Flags: needinfo?(matt.woodrow)
(In reply to Bobby Holley (:bholley) from comment #14)
> My rough intuition is that we should have a look here and see if there's an
> easy way to avoid touching things twice during table reflow. If so that
> seems like a decent spot fix, and we might as well land it. If not, then we
> should probably file this as testcase for fixing table invalidation, which
> seems worth doing at some point but may not be the most urgent thing on the
> list.

I agree with this, we should spot fix as long as it's easy to do. Once we get a decent list of hard-to-fix problems, then we can prioritize the work.

> 
> (In reply to Matt Woodrow (:mattwoodrow) from comment #12)
> > I think for first paint we're only drawing what's actually visible right
> > now, and on later paints we're painting the whole displayport (async
> > scrollable area).
> 
> Is there a reason for this? If we're able to scope the first paint to the
> viewport, it seems like we ought to be able to do the same for subsequent
> paints (at least when we detect that the invalidation rect matches the
> entire page). Is there an easy optimization we could do, and if so should we
> get a bug on file?

The hard bit here is that the decision about how much area to pre-render is made during display-list builidng, but invalidation is done post-invalidation (quite a bit later).

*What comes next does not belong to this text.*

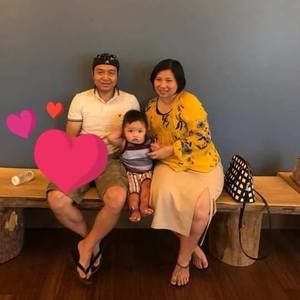 Meet your Posher, Nwe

During page load, it was decided that it was worth trying to get the currently visible area displayed ASAP, even if it means that immediate async scrolling might checkerboard (and the total amount of work done is more).

There's definitely things we can do here, like guessing slow/large paints in advance (based on RDL inputs?), or possibly by just painting the changes to the visible area, and having the async-scrollable area out of date (until we catch up and get it painted).

We have/had an implementation of the latter, where fennec painted tiles for the visible area first, sent them to the compositor, and then continued painting the remainder.

Lots of tradeoffs for these though (including UX ones), and none are particularly simple unfortunately. I'm not in a huge rush to implement any of them right now :)
Flags: needinfo?(matt.woodrow)
(In reply to Matt Woodrow (:mattwoodrow) from comment #15)
> The hard bit here is that the decision about how much area to pre-render is
> made during display-list builidng, but invalidation is done
> post-invalidation (quite a bit later).

I assume you mean post-DL-building? I suppose this makes sense, given DLBI.

> Lots of tradeoffs for these though (including UX ones), and none are
> particularly simple unfortunately. I'm not in a huge rush to implement any
> of them right now :)

Fair enough - thanks for the explanation!